(YOUR TASK) Exact copy required. Repeat the records, but keep the pictures out.

(RECORDS SUPPLIED)
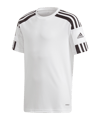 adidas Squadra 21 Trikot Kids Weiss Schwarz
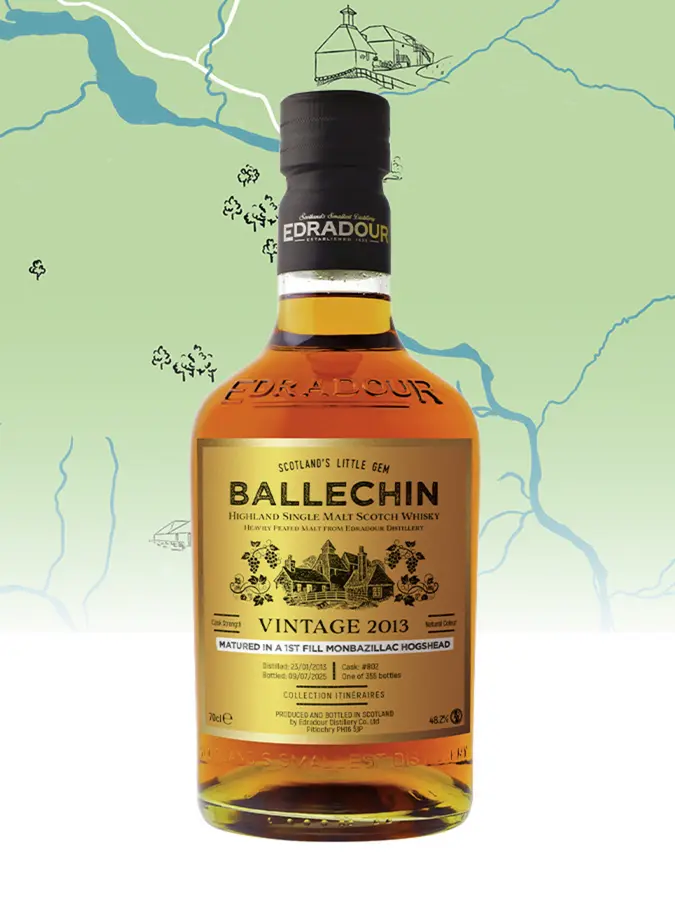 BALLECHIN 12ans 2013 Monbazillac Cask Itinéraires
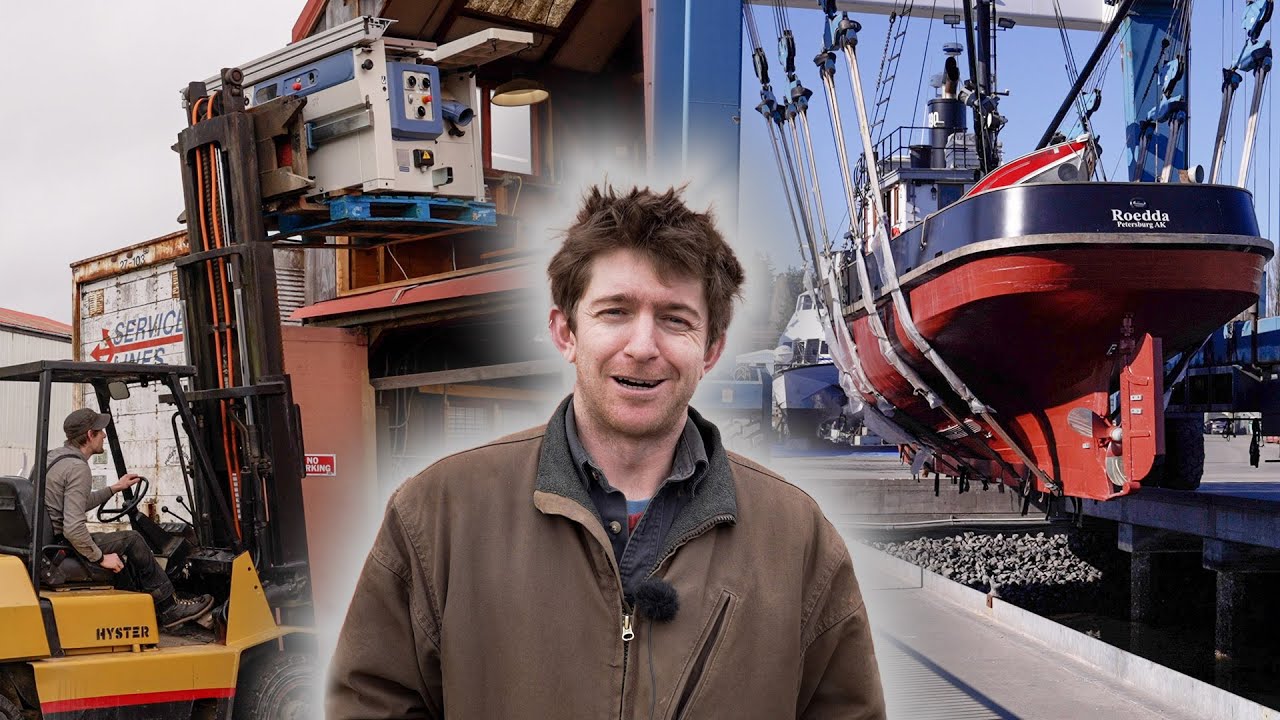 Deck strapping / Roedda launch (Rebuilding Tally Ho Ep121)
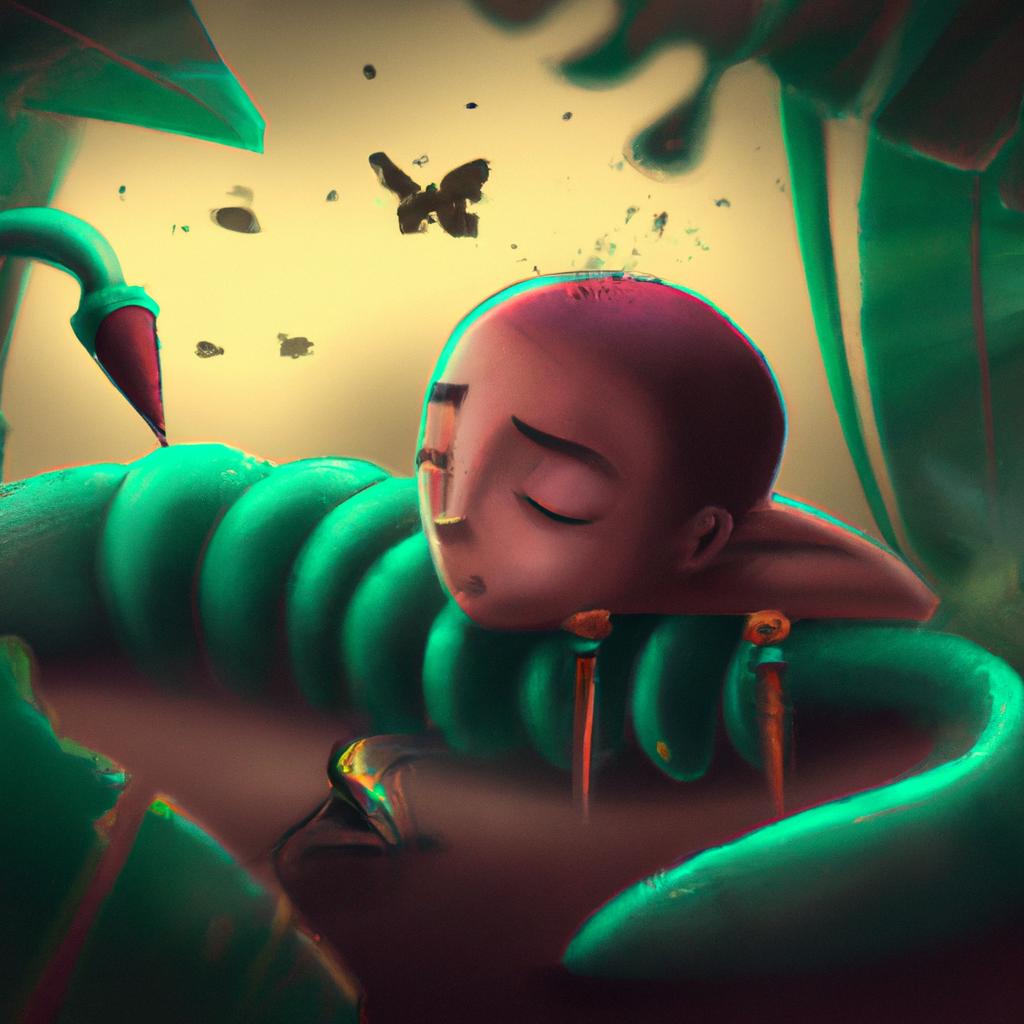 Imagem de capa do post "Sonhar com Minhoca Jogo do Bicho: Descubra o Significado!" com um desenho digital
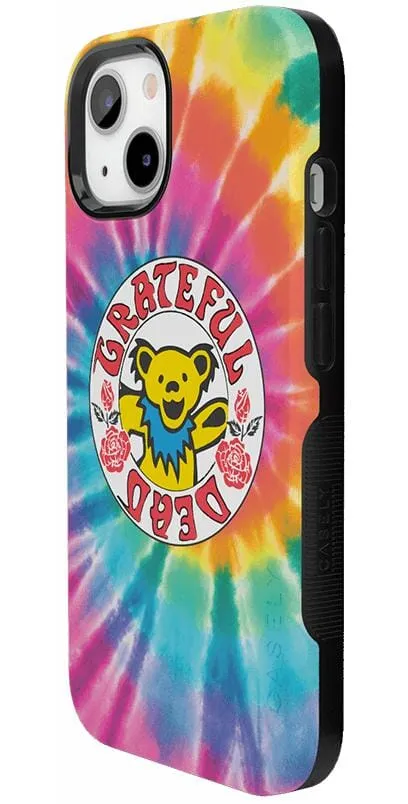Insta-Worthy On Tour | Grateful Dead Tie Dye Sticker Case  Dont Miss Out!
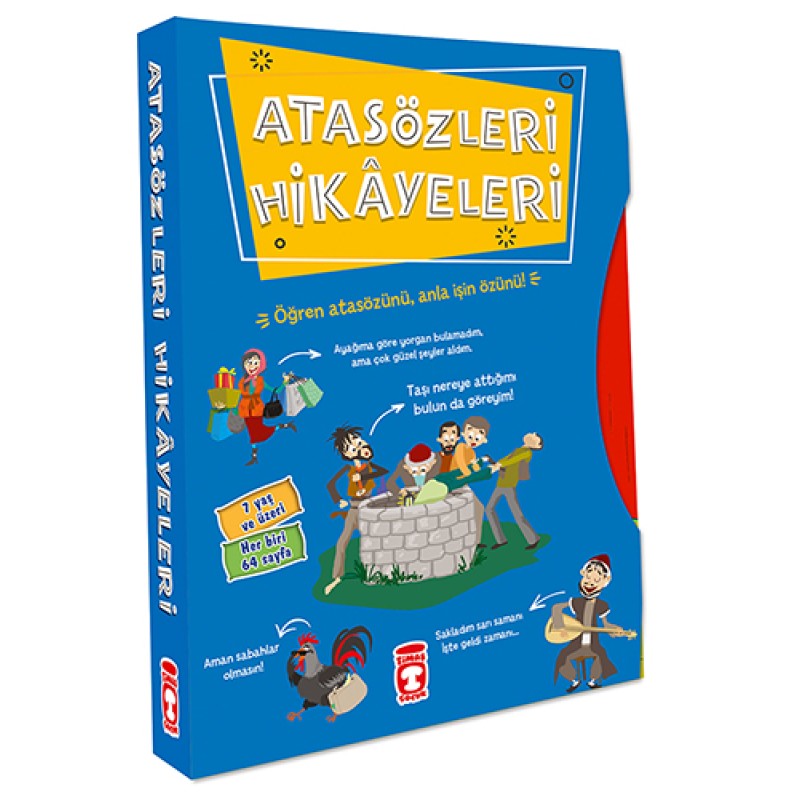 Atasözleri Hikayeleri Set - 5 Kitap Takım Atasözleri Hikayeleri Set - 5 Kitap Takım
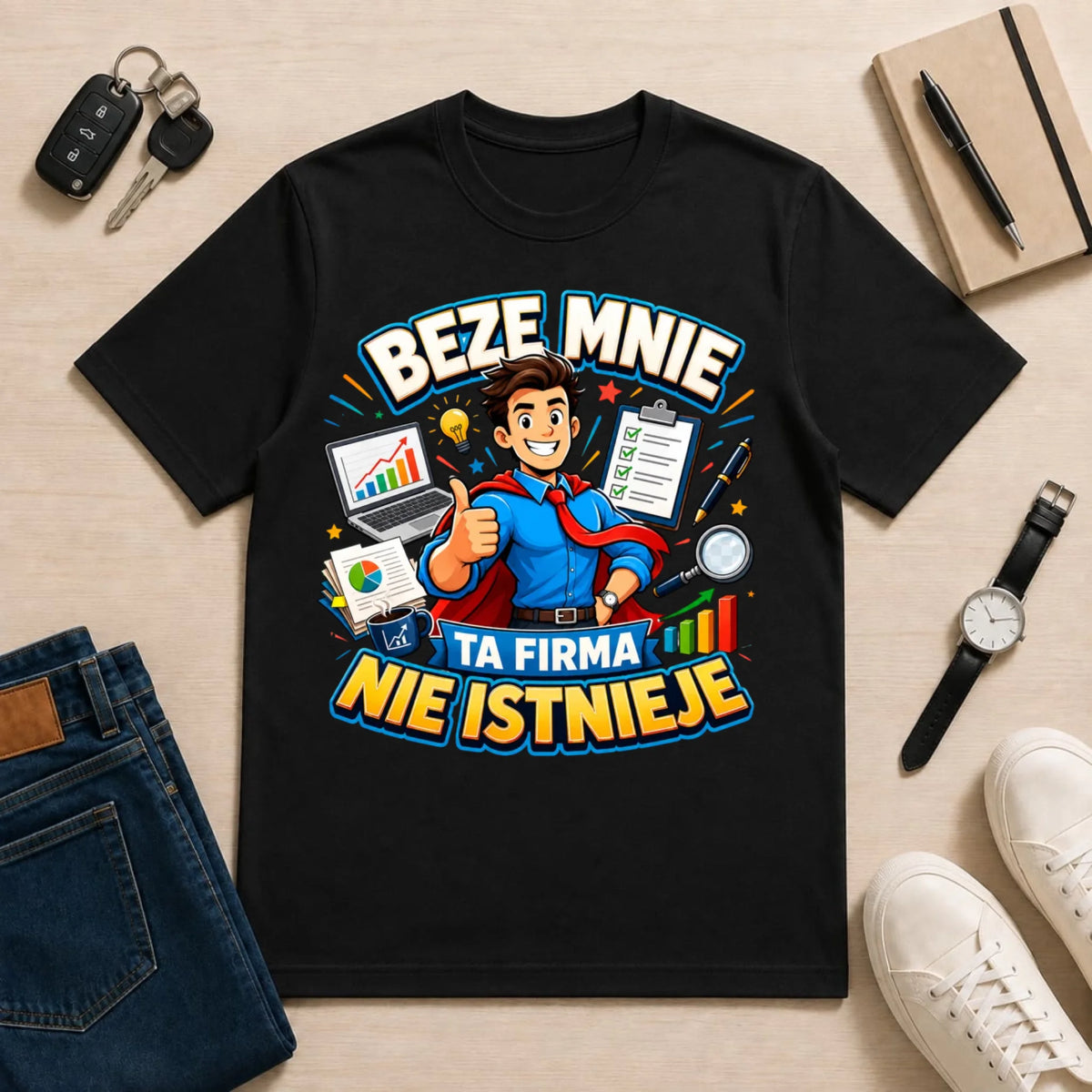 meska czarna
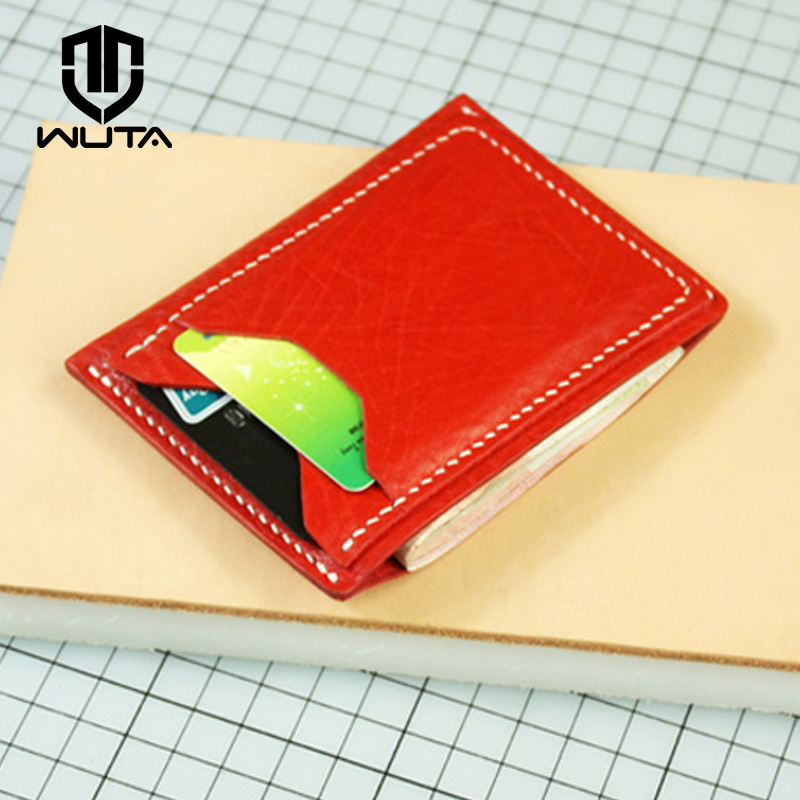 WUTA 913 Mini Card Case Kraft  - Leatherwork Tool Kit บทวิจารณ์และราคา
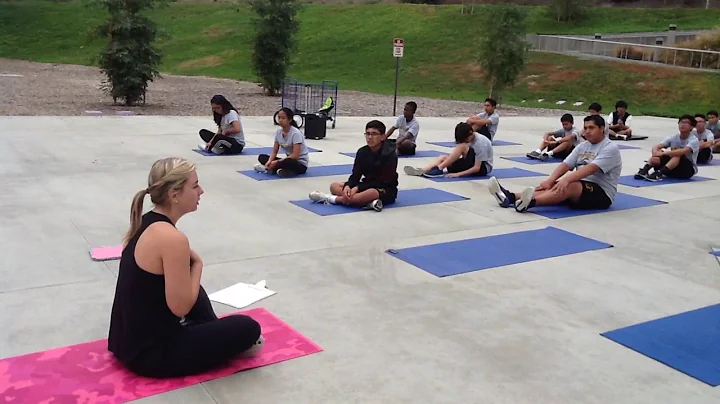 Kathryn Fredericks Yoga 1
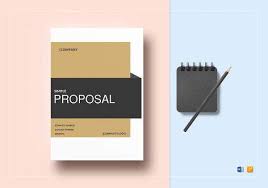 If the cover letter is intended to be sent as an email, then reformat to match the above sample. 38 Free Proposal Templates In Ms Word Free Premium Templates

(SOLUTION BELOW)
 adidas Squadra 21 Trikot Kids Weiss Schwarz
 BALLECHIN 12ans 2013 Monbazillac Cask Itinéraires
 Deck strapping / Roedda launch (Rebuilding Tally Ho Ep121)
 Imagem de capa do post "Sonhar com Minhoca Jogo do Bicho: Descubra o Significado!" com um desenho digital
Insta-Worthy On Tour | Grateful Dead Tie Dye Sticker Case  Dont Miss Out!
 Atasözleri Hikayeleri Set - 5 Kitap Takım Atasözleri Hikayeleri Set - 5 Kitap Takım
 meska czarna
 WUTA 913 Mini Card Case Kraft  - Leatherwork Tool Kit บทวิจารณ์และราคา
 Kathryn Fredericks Yoga 1
 If the cover letter is intended to be sent as an email, then reformat to match the above sample. 38 Free Proposal Templates In Ms Word Free Premium Templates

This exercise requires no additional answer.